Discretize weka attributes into specific intervals

694 Views Asked by At

I need to discretize a column in weka. The column name is age. It has numerical attributes. for an example values from 2-90.

I need to perform discretization based on a specific range of values process to discretize Age attribute based on the following categories.

Youth: 15 -<=25,Adult:>25-<=64,Senior:>64

How this is possible in Weka?

How can I label and adjust the intervals

enter image description here

1

There are 1 best solutions below

0
fracpete On

Neither the supervised nor the unsupervised version of the Discretize filter will allow you to do that.

But you can achieve that goal by building a filter chain using MultiFilter:

  1. Use MathExpression to apply your manual binning strategy using nested ifelse expressions.
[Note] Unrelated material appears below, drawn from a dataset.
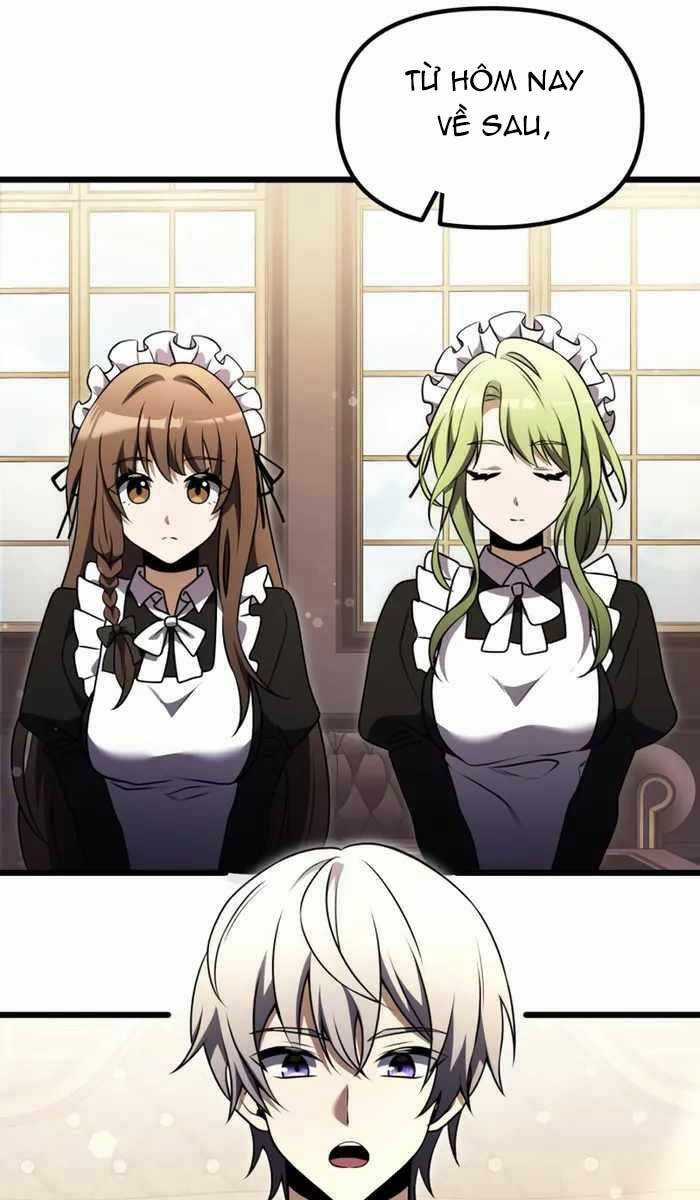 Hắc Kị Sĩ Thiên Tài Giới Hạn Thời Gian Chapter 16 trang 102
Set the ignoreRange to the attribute that you want to convert and also select invertSelection. As expression use something like: ifelse(A<=25,0,ifelse(A<=64,1,2)) (25 or lower will be turned into 0, 64 or lower into 1 and the rest into 2).
  2. Convert the generated bin values into nominal labels using NumericToNominal. Define the attribute you want to convert in attributeIndices.
  3. Finally, rename the numeric-looking labels 0,1,2 into more meaningful ones using RenameNominalValues. Specify the attribute you want to update in selectedAttributes and use 0:Youth,1:Adult,2:Senior as valueReplacements.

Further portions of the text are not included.